Charles Manson Today: The Final Confessions of a Psychopath

And now, here sits Charlie in jail, where he has sat for so long, saying the same thing he’s said basically since the beginning. He didn’t tell Tex to go kill anyone (“I didn’t direct anyone to do a motherfucking thing”), he’s innocent (“I never killed anyone!”), there was no Family (“Bug made that up!”), he was no leader (“Go for what you know, baby; we’re all free here. I’m nobody’s boss!”), Helter Skelter wasn’t what Bugliosi said it was (“Man, that doesn’t even make insane sense!”), he was wrongly denied the right to act as his own attorney during the trial (“I wanted my rights!”), and the government owes him $50 million “and Hearst Castle, for 45 years of bullshit,” and none of this is important anyway, given what we are doing to our air, our trees, our water, our animals, the saving of which he sometimes puts on display as a good enough reason alone for what happened at the Tates’ and LaBiancas’, regardless of his involvement.

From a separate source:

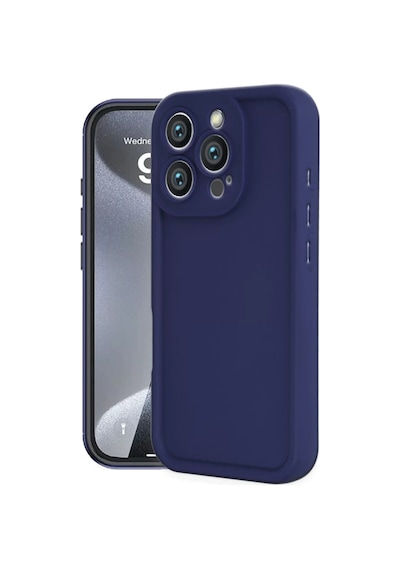 Newface Apple iPhone Uyumlu 16 Pro Max Kılıf Viera Silikon - Lacivert Diğer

“Look, here’s how that works,” he says. “You take a baby and” – here he says something truly awful about what you could do to that baby, worse beyond anything you could imagine – “and it dies,” and here he says something equally wretched. Then he goes on, “I know what you’re thinking. I can see your brain rattling and running back and forth. But what happens when that baby dies?” He breathes in and he breathes out, he breathes in and he breathes out. “A dog would have done it, kill to take another breath. So, was it wrong to do it to those people?” And it’s at moments like these that you realize prison is the only place for him, and hope to hell he never puts his hand on your skin again.

manson 0Visits with Charlie are always taxing for Star, and she takes it easy driving the two miles from his door back to her own. It used to be she’d make the trip with a tall, gaunt, spooky-looking guy named Gray Wolf, 64, a Manson believer from the Spahn Ranch days who carved an X into his forehead at the same time Star did, but earlier this year he was arrested for attempting to smuggle a cellphone into prison for Charlie, and there went his visitation rights, leaving Charlie’s weekend companionship almost all up to this slight, doily-thin girl.

How she got here is pretty much like how many of the Spahn Ranch girls got to where they were going, too, as a reaction to the world around them and how it made them feel. She grew up on the Mississippi River, near St. Louis, had an early fondness for I Love Lucy, had parents who were deeply religious and disliked all her friends. “They thought I was turning into a hippie,” she says. “I was smoking marijuana, eating mushrooms, not wanting to go to church every Sunday, not wanting to marry a preacher. They are Christian Baptist and wanted me to be a preacher’s wife.” To keep her out of trouble, they would lock her in her room, which is where she spent a good portion of her high school years. And, like Charlie, she found a way to coexist with such solitary confinement. “I’ve never been lonely since those times when I got used to being alone.” Then one day, a friend gave her a sheet of paper with some of Charlie Manson’s words on it about the environment. She’d never heard of Manson, but she liked what he had to say – “Air is God, because without air, we do not exist” – and began writing to him. After their correspondence took off, she put her nose to the grindstone, saved up $2,000 while working in a retirement-home kitchen and in 2007, stuffed all the belongings she could into a backpack and took a train to Corcoran. And soon enough, Charlie nicknamed her Star, just as he had once named Squeaky (Red) and Sandy (Blue).